The definition of a riot in Canadian law is, "an unlawful assembly that has begun to disturb the peace tumultuously." The idea behind criminalizing unlawful assembly is that peace officers should have some means to deal with an demonstration before it becomes a riot. If we have to wait for the first brick to be thrown through a window, it is already too late.

Bear in mind, as well, that the reliance of the police upon section 63 of the Criminal Code is subject to Charter scrutiny. Clearly it may be an infringement on the guarantee of freedom of peaceful assembly (since an unlawful assembly need not have breached the peace, merely to give rise to a reasonable belief that it will), but whether it is an infringement that is saved by section 1 is a legitimate question for judicial scrutiny.

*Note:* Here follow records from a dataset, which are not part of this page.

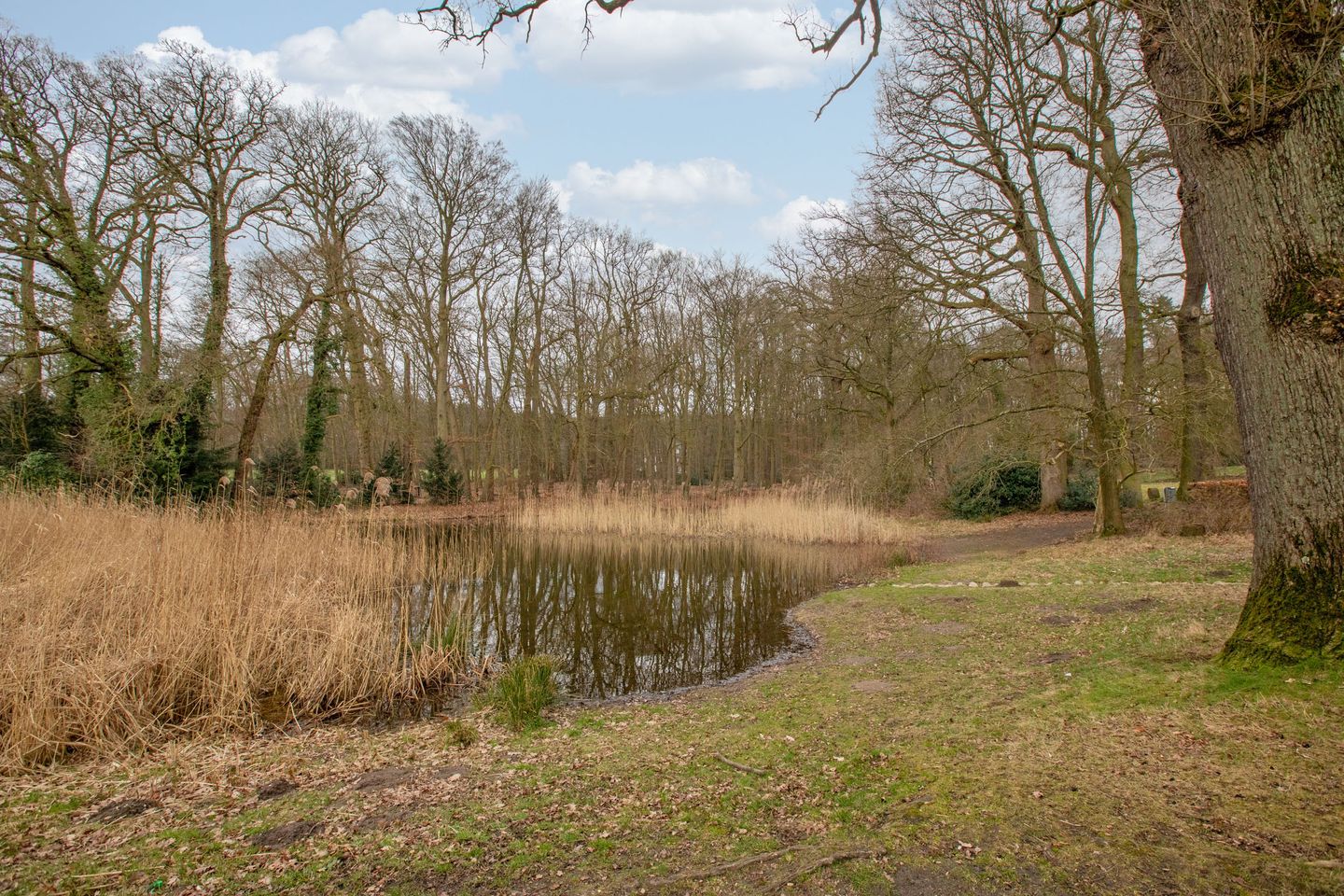 Photo 29 of Arnhemsestraatweg 57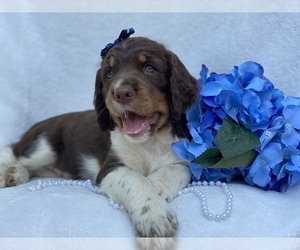 English Springer Spaniel Puppy for sale in CEDAR LANE, PA, USA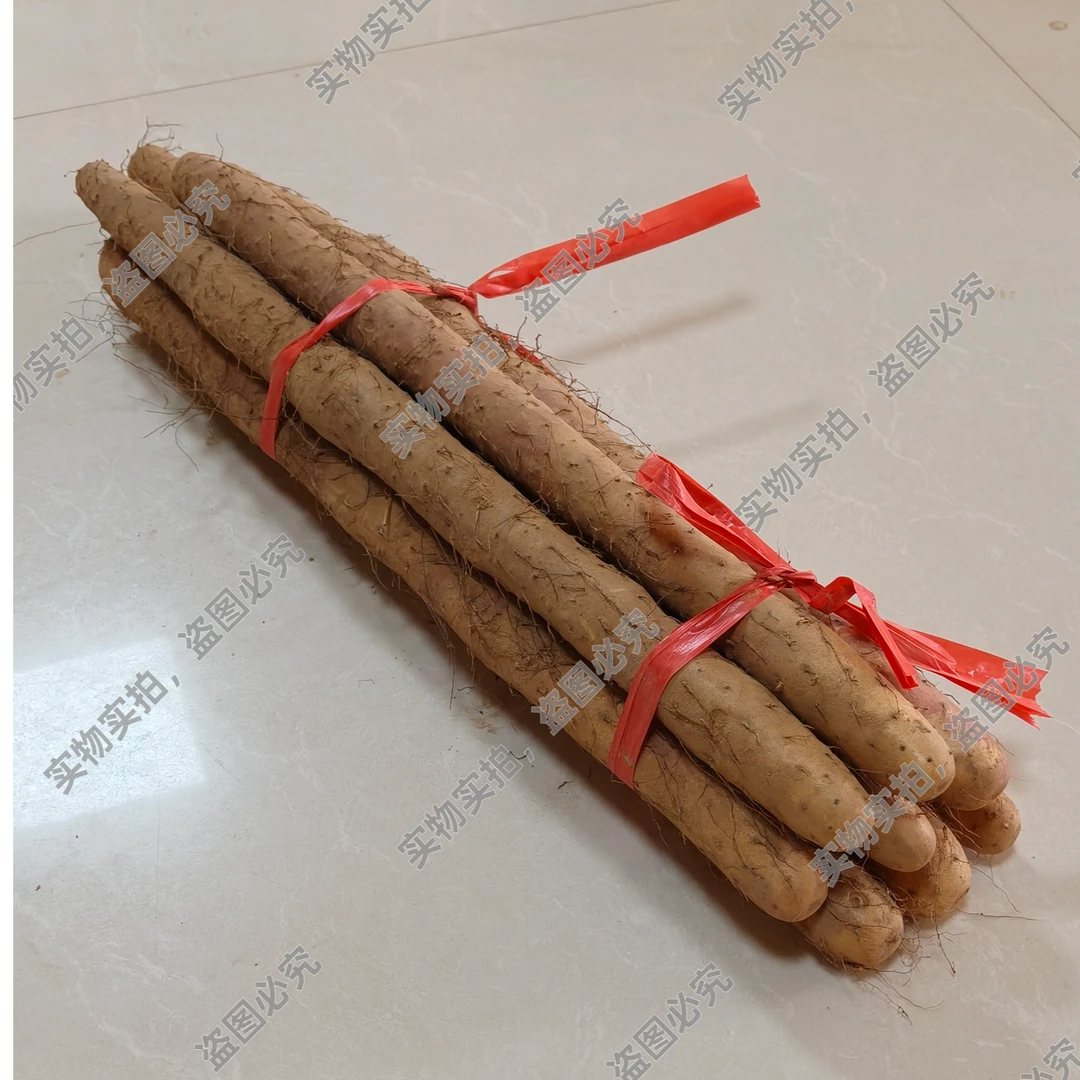 正宗垆土铁棍山药55cm 净重5斤 高品质 新鲜发货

[Quick correction--in Canada an unlawful assembly is defined as three or more people, not two, it requires an intention to form a common purpose, and it must be their act of assembling that causes a fear from persons in the neighborhood that they will riot, or that they will needlessly and without cause provoke others to riot. It's a somewhat more restrictive definition than xenon13 has made out.]


It's also a very subjective definition. If it has to cause fear in order to be considered an unlawful assembly then how do you determine if it is causing fear or not? Does it only have to be causing fear in one person or does there have to be a general consensus among people in the neighbourhood?